The attorney representing the Guam Contractors Association has renewed his request for a federal court order of contempt against the U.S Citizenship and Immigration Services for its continued denial of H-2B petitions from island businesses seeking permission to hire skilled foreign workers for construction jobs and other temporary specialized work projects on Guam.
In a motion filed Thursday in the District Court of Guam, attorney Jeff Joseph contends the agency has "demonstrated a willful failure to comply" with the Jan. 24 preliminary injunction issued by Chief Judge Frances Tydingco-Gatewood of the District Court.
That preliminary injunction required USCIS to reverse its previous denials of H-2B worker petitions and stop the blanket denial of future petitions.
In his motion for contempt, Joseph writes, "This willful violation has caused immense tangible and intangible losses" for Guam contractors and has "ground development projects on Guam to a halt."
Joseph represents the GCA and 11 other Guam employers that filed a class-action lawsuit against USCIS in October 2016 after its yearlong, near-100 percent denial of all petitions for skilled foreign workers under the H-2B visa program.
Since early April, under a provision in this year's National Defense Authorization Act, the USCIS has been granting H-2B visas to Guam employers seeking skilled foreign labor for construction projects related to the military buildup.
However, John Robertson, AmOrient Engineering president and chairman of the committee overseeing the Guam Contractors Association's litigation, said not a single H-2B petition from any Guam contractor for nonmilitary related work has been approved by USCIS, despite the preliminary injunction Tydingco-Gatewood issued in January, and despite her later decision to grant class-action certification to the lawsuit in March.
USCIS "is playing games," said Robertson. "We won" the case in District Court in January, he said, but what USCIS is doing now is stalling.
"They're not disapproving, they're just sending the applications back and asking for more information," he said.
"So we asked Jeff Joseph to go ahead and ask for contempt," said Robertson, "because they're not following the order of the judge."

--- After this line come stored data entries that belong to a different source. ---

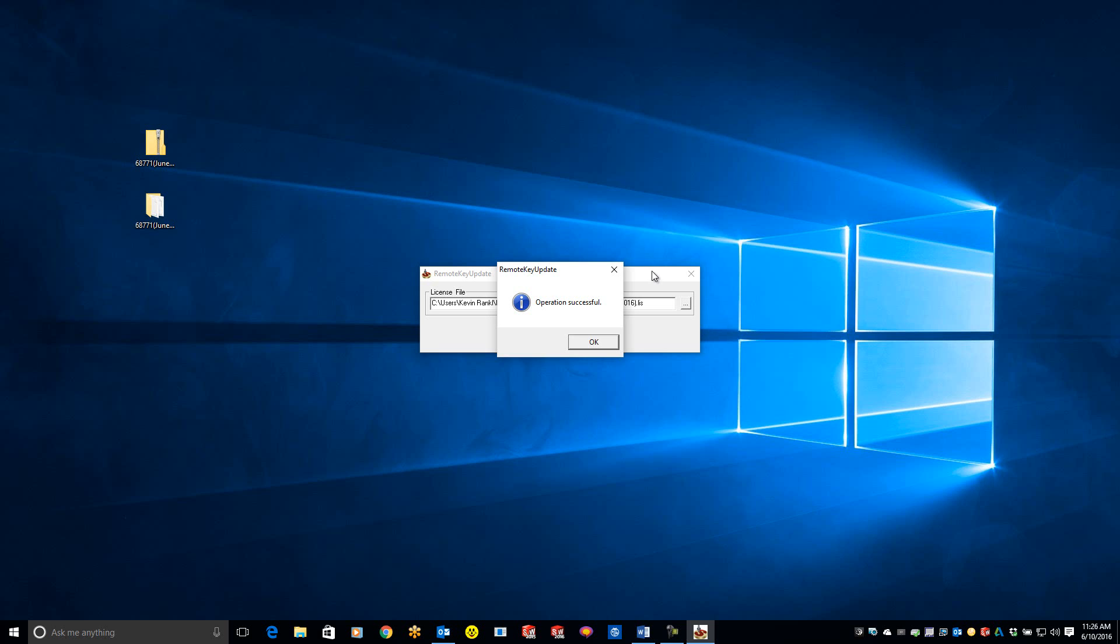It will confirm that your license has successfully been updated. You can now remove these two files from your desktop as they are no longer needed. Your license is now activated on your dongle.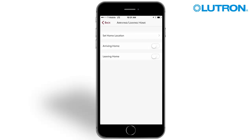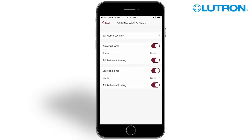Arriving and leaving functionality can be enabled by sliding the switch to the right. Enabling the arriving or leaving home feature allows each user to automatically trigger an action upon entering or exiting the circle. The user can also choose to receive a notification prior to triggering a scene.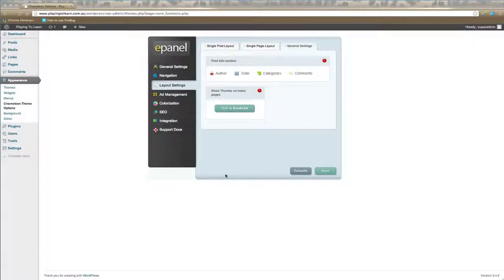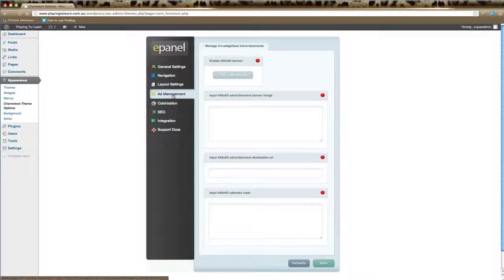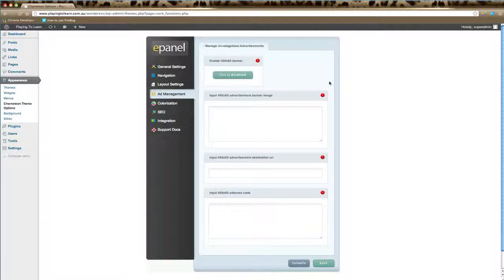In this ePanel tutorial, we're going to go through ad management. In your ad management options, you can enable your banner and other options that are specific to your website. These will vary depending on the theme.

Joseph filed a similar request for sanctions against USCIS in April that was denied by Tydingco-Gatewood, who wrote that the agency "may have plausibly relied on language" in the Jan. 24 preliminary injunction "to conclude the injunction had not yet been applied classwide."

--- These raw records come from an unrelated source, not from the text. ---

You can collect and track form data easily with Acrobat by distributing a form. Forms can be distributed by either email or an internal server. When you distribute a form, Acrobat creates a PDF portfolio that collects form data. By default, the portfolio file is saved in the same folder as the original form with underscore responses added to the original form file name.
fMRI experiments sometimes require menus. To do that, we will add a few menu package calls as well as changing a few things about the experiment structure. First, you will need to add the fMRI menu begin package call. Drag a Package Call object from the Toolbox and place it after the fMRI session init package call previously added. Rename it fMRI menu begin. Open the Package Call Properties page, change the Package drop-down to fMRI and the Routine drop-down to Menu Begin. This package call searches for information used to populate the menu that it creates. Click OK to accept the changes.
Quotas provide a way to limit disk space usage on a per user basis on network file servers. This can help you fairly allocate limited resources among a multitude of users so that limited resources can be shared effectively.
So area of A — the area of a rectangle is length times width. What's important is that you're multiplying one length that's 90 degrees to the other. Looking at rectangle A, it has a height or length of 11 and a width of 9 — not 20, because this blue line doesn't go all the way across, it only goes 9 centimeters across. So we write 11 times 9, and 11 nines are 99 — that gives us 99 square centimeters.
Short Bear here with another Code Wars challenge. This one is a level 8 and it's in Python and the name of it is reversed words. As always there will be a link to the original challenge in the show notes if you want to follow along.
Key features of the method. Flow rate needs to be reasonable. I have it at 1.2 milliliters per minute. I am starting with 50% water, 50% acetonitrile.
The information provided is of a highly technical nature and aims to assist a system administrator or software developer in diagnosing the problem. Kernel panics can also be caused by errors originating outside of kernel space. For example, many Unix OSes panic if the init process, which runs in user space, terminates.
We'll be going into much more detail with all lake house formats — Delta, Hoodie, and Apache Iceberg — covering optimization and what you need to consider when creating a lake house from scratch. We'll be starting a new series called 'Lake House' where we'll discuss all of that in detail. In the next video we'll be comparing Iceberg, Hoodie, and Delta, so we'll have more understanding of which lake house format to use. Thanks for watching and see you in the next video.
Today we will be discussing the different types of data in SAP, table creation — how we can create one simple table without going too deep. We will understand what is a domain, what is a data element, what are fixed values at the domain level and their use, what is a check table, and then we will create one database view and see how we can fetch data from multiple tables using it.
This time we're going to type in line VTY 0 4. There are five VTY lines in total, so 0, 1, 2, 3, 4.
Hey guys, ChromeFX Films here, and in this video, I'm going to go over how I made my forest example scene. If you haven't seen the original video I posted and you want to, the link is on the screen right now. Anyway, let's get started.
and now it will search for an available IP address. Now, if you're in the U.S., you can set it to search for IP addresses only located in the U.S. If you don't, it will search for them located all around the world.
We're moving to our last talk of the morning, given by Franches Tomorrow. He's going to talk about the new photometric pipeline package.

However, she rejected the USCIS's request to limit the case to the 12 original class-action plaintiffs, declaring, "Now that the class has been certified ... the court will therefore make explicit what may have been previously only implicit: The preliminary injunction entered in this case shall apply to all members of the certified class."
In an email response to the Guam Daily Post Joseph said "now that it is clear that the injunction applies across the board, and we are still seeing multiple requests for evidence, delays and denials, we filed a second Motion for Contempt."
In his motion for contempt, Joseph wrote that of the 708 nonmilitary H-2B petitions filed by Guam employers with USCIS, "zero had been approved, with 91 positions having no action taken on them, and no communication from USCIS for over 90 days."
He wrote, "This explicit disregard for and persistent failure to comply with this court's order can only be remedied by this court finding defendants in contempt of court and imposing appropriate sanctions."
USCIS attorneys have not yet responded to Joseph's motion for contempt.
A spokesperson for USCIS declined comment saying “As a matter of policy, USCIS does not comment on pending litigation.”